Management Skills

In a world where clients demand efficiency as well as quality, lawyers have to learn how to manage others as effectively as they manage their own work. Our programs teach the management skills that don’t come instinctively to most lawyers.

The programs can be conducted for partners, senior associates or mid-level associates with the content modified for the audience. The topics can be combined into half-day or longer, retreat-style programs. Click here for a sample agenda of a half-day program.

Firm Leader curriculum:

Managing from the Middle

Delegating and supervising to produce the best work

Based on scores of interviews with lawyers who are outstanding supervisors of work and people, this workshop provides detailed, practical advice for delegating and supervising so that others do their best work for you.

Leading Teams and Managing Projects

Planning, organizing, and keeping fast-moving teams on track and motivated

The skills required to lead a team effectively go far beyond those required to delegate to an individual. This workshop focuses on higher-level organizational and motivational skills: the managerial skills required to plan, budget, and execute complex matters, and the leadership skills required to motivate professionals and build loyal teams for the long haul.

Managing Across Differing Styles

Recognizing and adapting to the range of managerial and communication styles

To work effectively with colleagues and clients, lawyers have to become adept at working with people who have different styles of communicating, organizing work, and making decisions – and they have to understand how others react to their own instinctive styles. Drawing on a Myers-Briggs Step II assessment that participants complete before the program, this workshop enables them to recognize “style” differences more quickly and manage them more effectively.

 Effective Feedback and Coaching

Investing your time effectively to improve others’ performance and motivation

Lawyers often shy away from giving feedback because they fear any form of criticism will damage the recipient’s confidence or willingness to work with them.

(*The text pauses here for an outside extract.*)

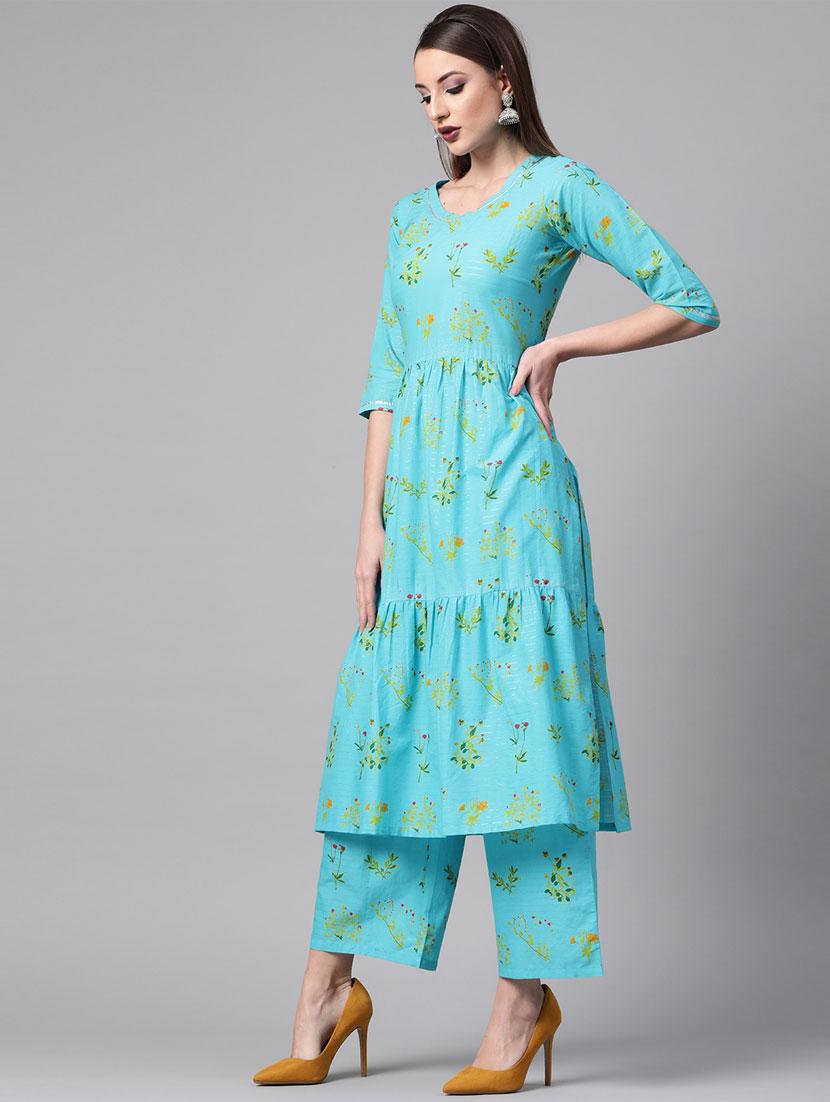 floral kurta palazzo set - 16838147 - Zoom Image - 2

That’s an unfounded fear. Properly delivered, even critical feedback can not only improve performance but also build motivation and strengthen working relationships. This workshop addresses two topics: weaving more coaching into a working relationship, and delivering critical feedback constructively.

Avoiding Unconscious Bias in Feedback and Evaluations

If we are all susceptible to unconscious bias, how can we interrupt its effects?

As research in law firms and elsewhere proves, even people who are dedicated to avoiding bias are susceptible to the unconscious bias that results from the automatic cognitive processes hard-wired into our brains. This workshop describes how unconscious bias can intrude as we work with and assess others and, most important, how we can spot and cure those effects.

Writing and Delivering Performance Evaluations

Shaping performance evaluations so they actually improve performance

This workshop can be designed either for lawyers who contribute written comments to a firm’s evaluation process or for partners who deliver evaluations to associates. In either case, its goal is to help them shape the evaluation so that it has the greatest effect on the recipient’s performance and motivation.